Stuart Horten (10 years old, but looks younger) has moved with his doctor mother and crossword compiler father to the small town of Beeton, where Great-Uncle Tony lived before he disappeared. Tony was a magician who perfected a set of mind-blowing illusions, and whose magic workshop was a place of wonder.
Stuart knows that on his death, Uncle Tony intended to leave his magic tricks and everything in his workshop to his grand-nephew, but he has no proof. What happened to Tony? Could his stage illusions hold clues to his disappearance?
Lissa Evans has been a stand-up comedian and a comedy producer, and her sense of humour and fun come through on every page of the delightful Big Change for Stuart.

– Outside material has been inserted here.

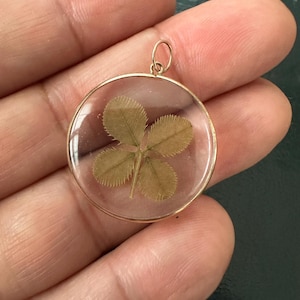 May include: A circular pendant featuring a dried, light brown four-leaf clover encased in clear resin. The clover is framed by a thin, metallic gold-coloured rim and includes a small, matching gold-coloured jump ring at the top for attachment to a chain.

This is Evans' second novel about Stuart and Tony, but readers who haven't read Small Change will pick up the story without any problem. Both books are magical mystery adventures that are funny and exciting reads for younger readers, but which older brothers and sisters can sneakily enjoy guilt-free.
Uncle Tony's workshop has been moved to Beeton Museum for safekeeping until his disappearance is solved and his will found. This doesn't stop resourceful Stuart in his quest to discover more about Uncle Tony and his work. Stuart has his work cut out to reclaim what is rightfully his, while also digging out Tony's secrets.
Each of the illusions Tony devised does, in fact, hide a very big secret. They're not illusions at all, but pieces of apparatus that can do real magic. Each of the tricks take Stuart and his bossy friend April on a magical adventure with clues to work out and puzzles to solve.
Evans unravels Tony's secrets in a well-paced plot that keeps readers in suspense. Each adventure is a mini-story in itself, and all the time clues are piling up for Stuart while at the same time the dangers mount. By the time Stuart investigates the last illusion, the reader really is on the edge of their seat.
Big Change for Stuart is also strong in terms of character. Stuart is a winning hero, and April gets herself fully involved in everything he does. Stuart's dad, the crossword puzzle compiler, thinks every sentence uttered should be a crossword clue, and this adds many laugh-out-loud moments.
Evans is a talented writer remember the name and watch out for more.